Full domain crawls


Broad crawls aim to harvest an entire domain, without exclusions or selection. The harvesting robot, provided with the list of registered domains, crawls them all and archives the content, according to a pre-determined configuration.

In broad crawls there is no selection by librarians, which eliminates any filtering, bias or subjectivity.

The Spanish Web Archive currently harvests the four national domains: .es, .gal, .cat, .eus. It does this once a year with the collaboration of the different regional conservation centres. It also carries out a massive annual storage of serial publications in free access on the Internet.

The contents saved in the full domain crawls can only be consulted via URL.


Archived websites


Crawl of .es domain

The crawl of .es domain is done annually since 2009 and seeking to obtain an overview of the site of the country each year.

Between 2009 and 2013 were carried out massive additional 8 .es domain through the Internet infrastructure Archive. These are the additional representation of the oldest preserved websites in the file of the Spanish Website.

In 2014, the national library of Spain acquires its own infrastructure of crawl and after a trial period in 2016 runs for the first time the bulk crawl .es domain themselves. To perform this collection Red.es Registrar draws previously and provides domain list on the basis of the comprehensive listing of all domains registered in ESNIC. This was the first collection saved 800,000 domains, with a limit of 100 MB in size with a total of 28 TB.

Currently the massive .es domain is done on a yearly basis, and observed around 2,000,000 domains, with a maximum size of 150 MB and storing around 70 TB, obtaining information save more than 80 per cent of domains.

Crawl of .gal domain

The collection of .gal domain takes place annually from 2017 in collaboration with the library of Galicia, which provides the galician domain list from the entity PuntoGal.

The first crawls is more than 4,000 domains, with 150 MB of depth and a total of 140 GB of memory stored.

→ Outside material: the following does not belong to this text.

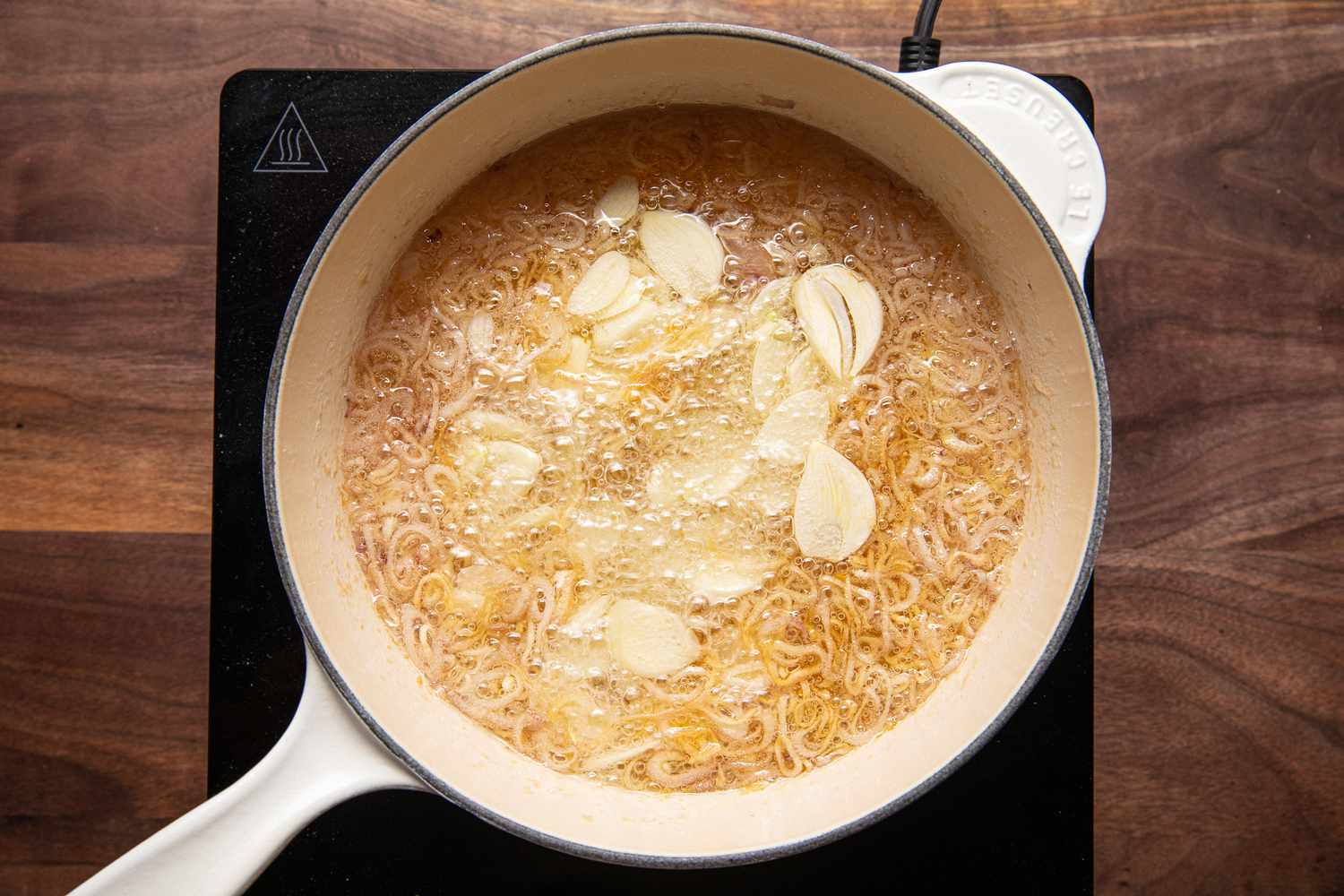 Sliced Garlic Added Pot of Oil With Shallots for Homemade Chili Crisp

Currently, more than 6,000 domains and 280 GB of information.

Web archiving saves catches of Spanish first website that took this http://www.dominio.gal domain:

The .cat domain

In 2002 the national library of Spain the .cat domain harvest in collaboration with the library of catalonia, which provides a list of domains catalans extracted from the puntCat Foundation.

The first crawl of capture 44,000 .cat domain domains, with a limit of 150 MB in size by domain and get download 77 per cent of them completely, reached 2.5 TB of stored information.

.Eus collection

In 2023 the national library of Spain the .eus domain harvest in collaboration with the basque country Digital Library, which provides a list of domains to collect basques extracted from the PuntuEUS association, in this domain.

The first bulk crawl  covers more than 13,000 domains and 750 GB of information, with a maximum size of 150 MB per domain.

Bulk crawls of serials in open access

The electronic serial, especially the magazines, are without doubt, one of the contents more short-lived on the Internet. every year are created and disappear serials, many of them without equivalent printed, so that their disappearance is final and its recovery impossible.

Web archiving of spain would like to make, massively and systematically, the websites of these electronic serials in free access, including digital items that they contain, to be preserved and are accessible on the future while disappear from the site live.

The BNE as the national centre of the ISSN in its catalogue all spanish electronic serials in this international number and this is where he draws the URL and domain for lazar this massive collection.

The first serial saving was conducted in 2020 with more than 8,000 serial URL covering more than 3,700 dominance and a maximum size of a 1 GB per domain. Currently are more than 10,000 serial websites, belonging to 7,000 domains to outstrip 5 TB of stored information.